Solves: the 50K-req/s browse spike. Without a denormalized read store, every "list movies in city" would join across movie, show, cinema, cinema_hall on the booking DB — exactly the joins the booking DB is too busy doing transactions to serve.

⑤ Booking Service

Stateless service that handles POST /reserve and POST /confirm. The reserve flow per request: validate input → start a SQL SERIALIZABLE transaction → SELECT ... FOR UPDATE on the requested show_seat rows → if all are FREE, mark them HELD with a 5-minute expiry, register the timer with ActiveReservationsService, COMMIT → return reservation ID. Total budget: under 100ms.

Solves: the contended write path. Without a dedicated booking service, locking semantics would be sprinkled across whatever node happens to handle the request, and you'd never get the discipline needed to prevent double-bookings under 50K req/s.

⑥ Bookings DB (MySQL)

The source of truth for everything that costs money — bookings, payments, the show_seat rows whose status is HELD or BOOKED. MySQL with InnoDB row-locks and SERIALIZABLE isolation. The UNIQUE constraint on (show_id, cinema_seat_id) in the show_seat table is what physically guarantees no double-booking — even if every other line of code had a bug, the DB would refuse the second insert.

Solves: correctness under contention. Without a relational ACID store, you'd be re-implementing SERIALIZABLE in application code on top of an eventually-consistent NoSQL — a battle no team has ever won at this scale.

⑦ ActiveReservationsService

An in-memory map of {show_id → list of (reservation_id, expires_at)} for every reservation that's currently HELD but not yet paid. When a reservation is created, the booking service registers its 5-minute timer here. When the timer rings, this service atomically transitions the seat back to FREE in MySQL and notifies WaitingUsersService "a seat just opened on show X". Backed by the DB — on crash, recover by reading all HELD rows.

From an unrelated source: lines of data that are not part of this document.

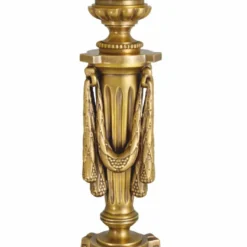 Casa Padrino Luxus Barock Tischleuchte Antik Gold / Rot H. 83,5 cm - Barock Schreibtischleuchte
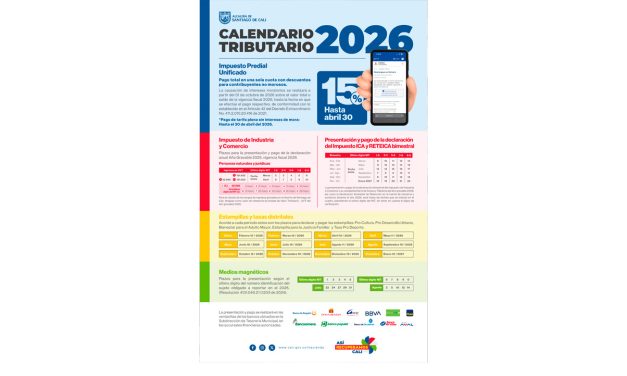 ICA 2026 Autoliquidación, plazos y recaudo fiscal distrital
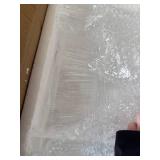 $147 Acrylic Podium Stand with Wheels, Adjustable Height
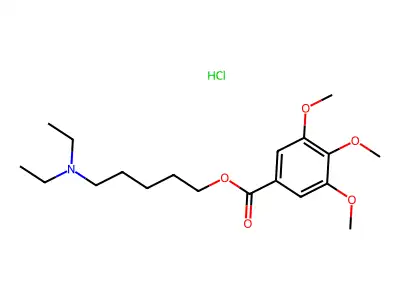5-(N,N-diethylamino)pentyl-3,4,5-trimethoxybenzoate structure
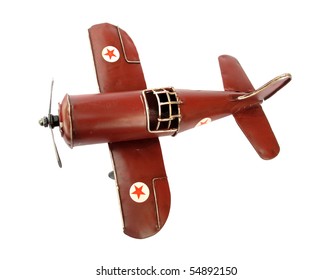 Old vintage airplane toy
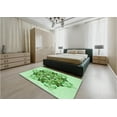 thumbnail image 5 of Ahgly Company Machine Washable Indoor Square Transitional Light Green Area Rugs, 3' Square, 5 of 7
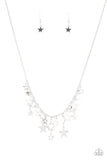 Paparazzi Accessories - Stellar Stardom - Silver Necklace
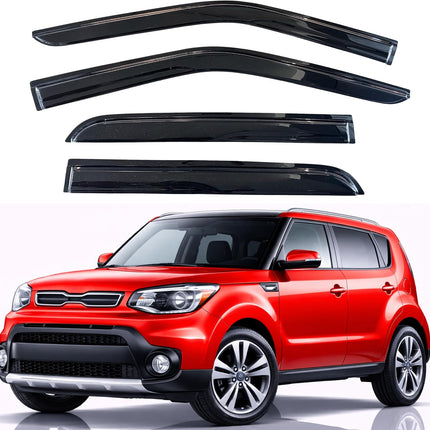 Rain Guards for 2014-2019 Soul, Out-Channel 4-Piece Set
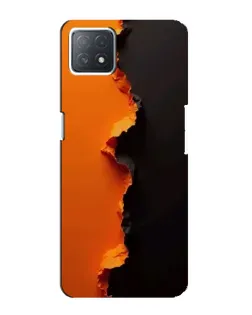 Чехол для OPPO A73 (5G) с картинкой «Оранжевый разлом»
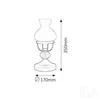 Rábalux 7072 Petronel asztali lámpa, H33,5cm Rábalux 7072 Petronel asztali lámpa, H33,5cm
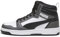 PUMA Rebound V6, Scarpe da ginnastica Unisex - Adulto, White Black Shadow Gray, 44 EU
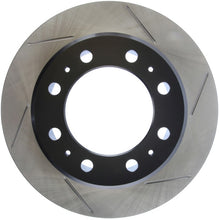 Load image into Gallery viewer, StopTech 08-10 Dodge Ram 4500 6.7L Slotted Left Front Brake Rotor - eliteracefab.com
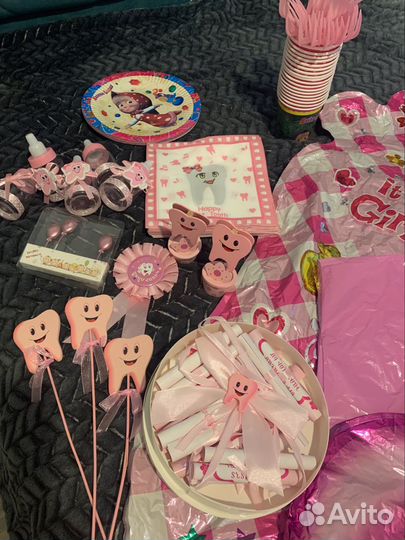 Набор для празднования первого зубика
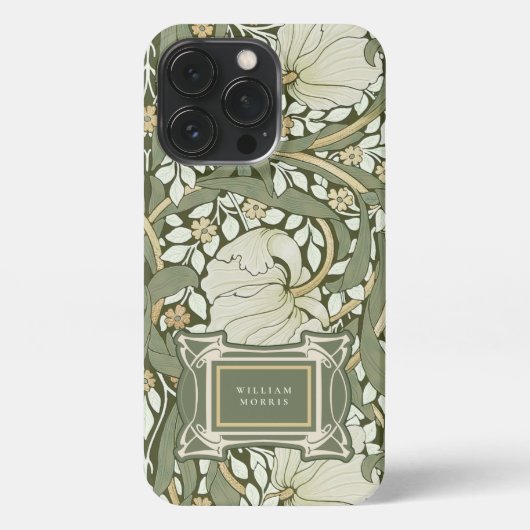 William Morris Pimpernel  Pattern iPhone Hoesje (Achterkant)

Solves: liveness. Without a dedicated timer service, expiring abandoned reservations means polling the DB for "rows where expires_at < now" — a giant scan that gets slower as the table grows. The in-memory timer wheel is O(1) per expiry.

⑧ WaitingUsersService

Per-show FIFO queue of users waiting for seats to free up after a sellout. When the show is full and a fan tries to reserve, they're appended to the queue with a notification handle. When ActiveReservationsService announces "seat freed on show X", this service pops the head of the queue, sends them a "your seats are available — complete checkout in 5 min" push, and starts another 5-minute timer. If they don't claim, they expire out and we try the next person. This is the deli-counter analogy made literal.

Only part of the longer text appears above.